* WHAT IS EXPECTED *
Write out word for word each line from the one containing "Thumbnail Bungalow for" through the close of the listing, including both ends. Pictures do not belong in the copy.

* GIVEN DATA *
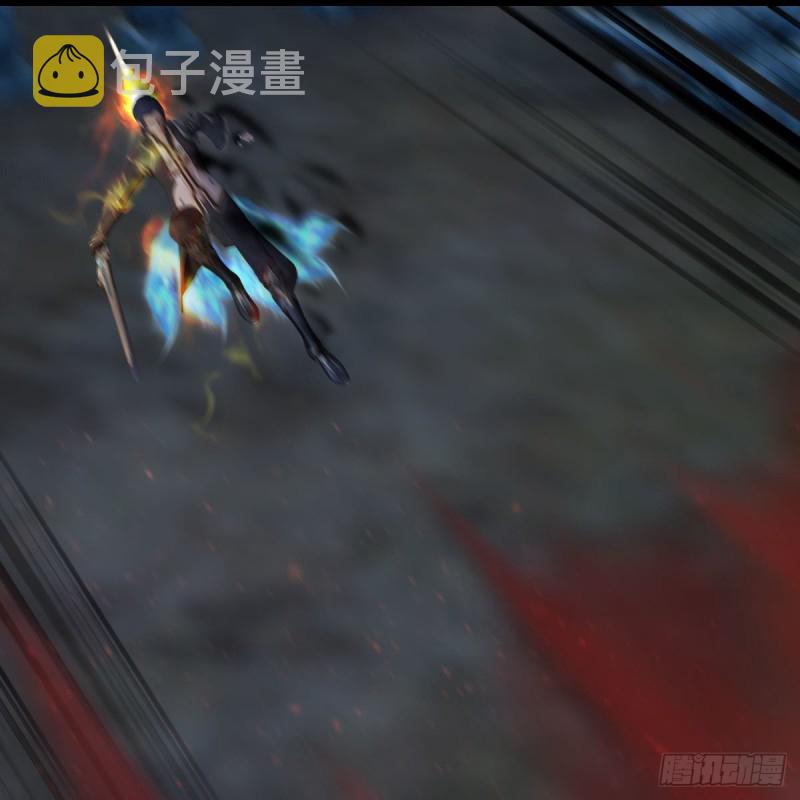 第438话：西荒圣器11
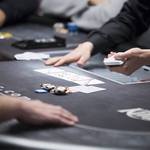 King’s: V sobotních flightech Openingu Poker Fever se zadařilo pěti Čechům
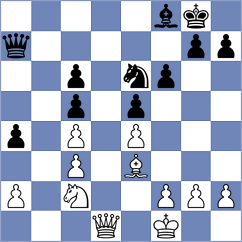 Marrero Cardenes - Gonzalez Intelangelo (Las Palmas, 2011)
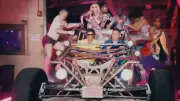 WM-Finale 2026: Halbzeitshow mit Madonna, Shakira, Bieber und BTS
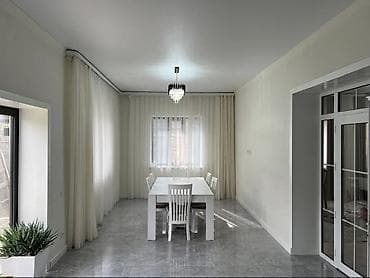 6 соток: 200 м², 6 комнат — 4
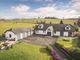 Thumbnail Bungalow for sale in Ryeford, Ross-On-Wye, Herefordshire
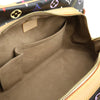 Louis Vuitton shoulder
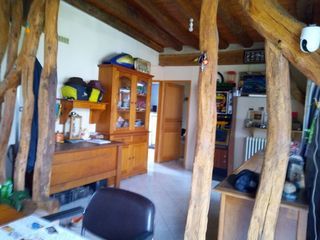  Ferme � vendre 6 pi�ces 120 m�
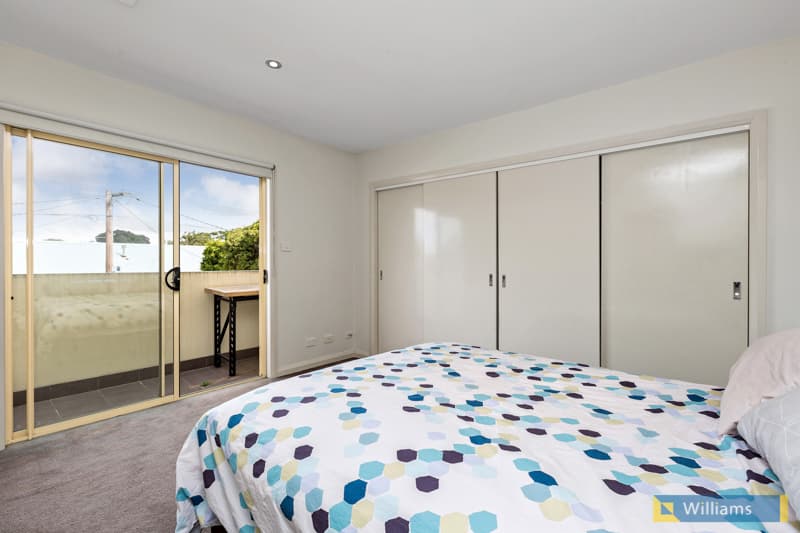 86 Salisbury Street, Newport - Thumbnail 7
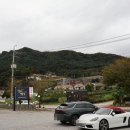 달맞이 펜션 | 가평 빵집 달맞이빵 아기랑 아침으로 먹은 내돈내산 후기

* RESULT FOR THIS TASK *
 Thumbnail Bungalow for sale in Ryeford, Ross-On-Wye, Herefordshire
 Louis Vuitton shoulder
  Ferme � vendre 6 pi�ces 120 m�
 86 Salisbury Street, Newport - Thumbnail 7
 달맞이 펜션 | 가평 빵집 달맞이빵 아기랑 아침으로 먹은 내돈내산 후기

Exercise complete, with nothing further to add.